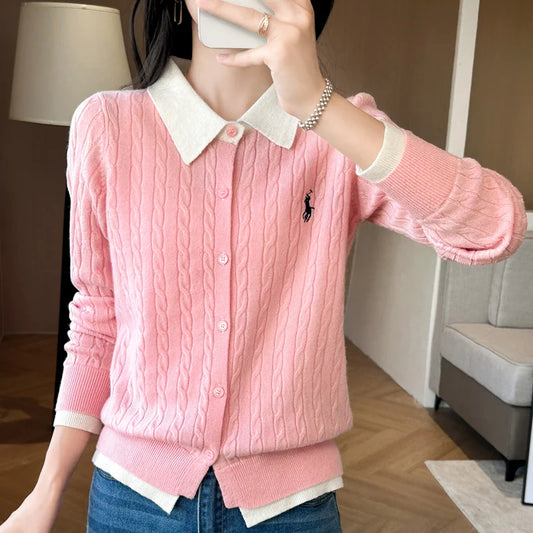 Women's Polo Collar Knitted Cardigan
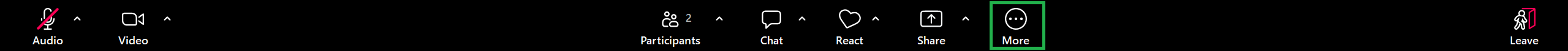 A screenshot of the Zoom Meeting Controls toolbar. 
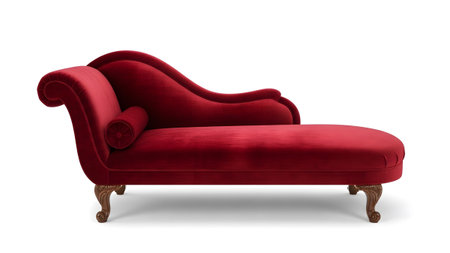 A plush red velvet chaise lounge with elegantly rolled arms and intricately carved wooden legs...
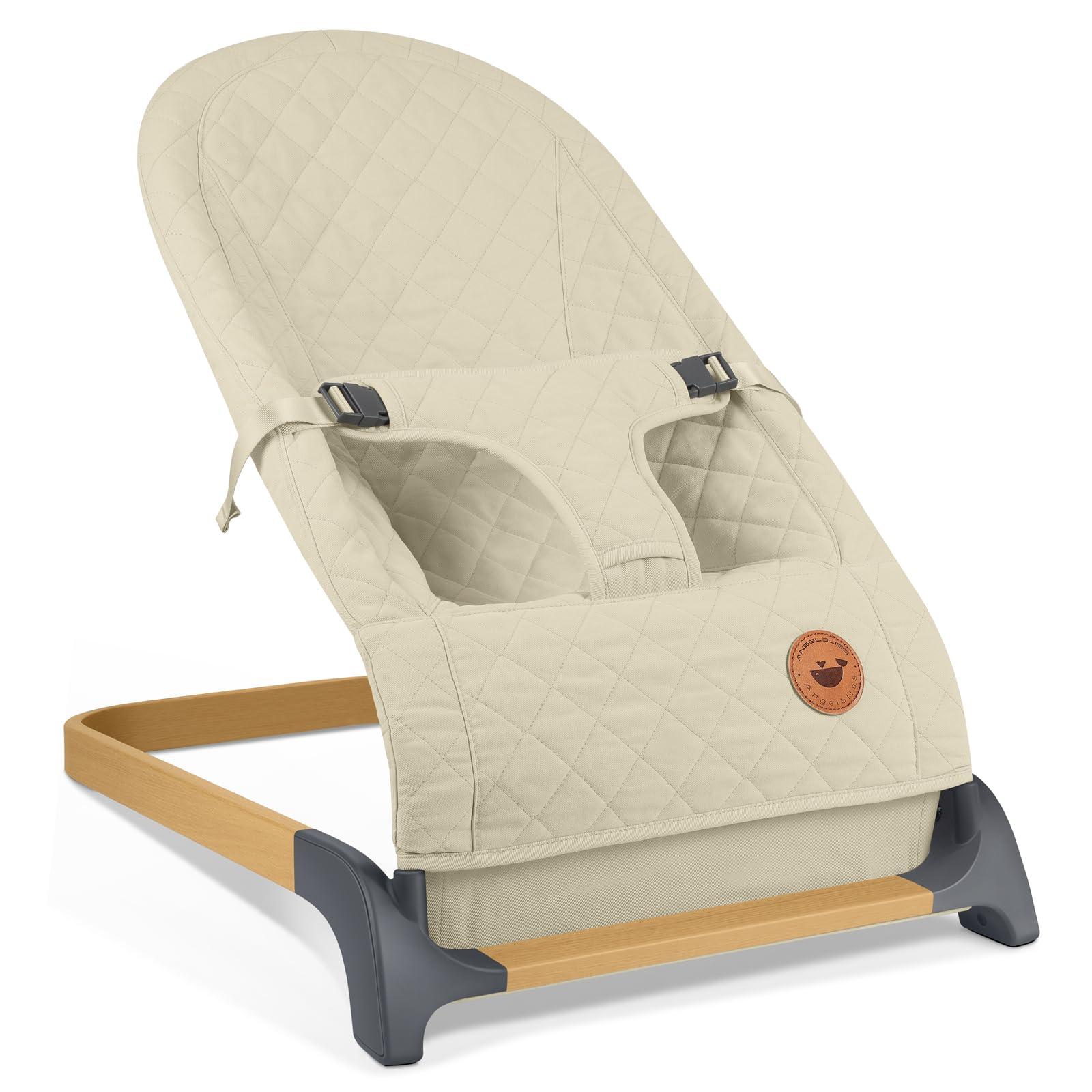 ANGELBLISS ANGELBLISS Baby Bouncer, Portable Bouncer Seat for Babies, Infants Bouncy Seat with Mesh Fabric, Natural Vibrations (Apricot)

┄┄┄┄┄┄

WORK TO COMPLETE ▸
Exactly the lines from the line that contains "A screenshot of" through the last line above, and no other lines, must be output, with pictures excluded.

TASK RESPONSE ▸
 A screenshot of the Zoom Meeting Controls toolbar. 
 A plush red velvet chaise lounge with elegantly rolled arms and intricately carved wooden legs...
 ANGELBLISS ANGELBLISS Baby Bouncer, Portable Bouncer Seat for Babies, Infants Bouncy Seat with Mesh Fabric, Natural Vibrations (Apricot)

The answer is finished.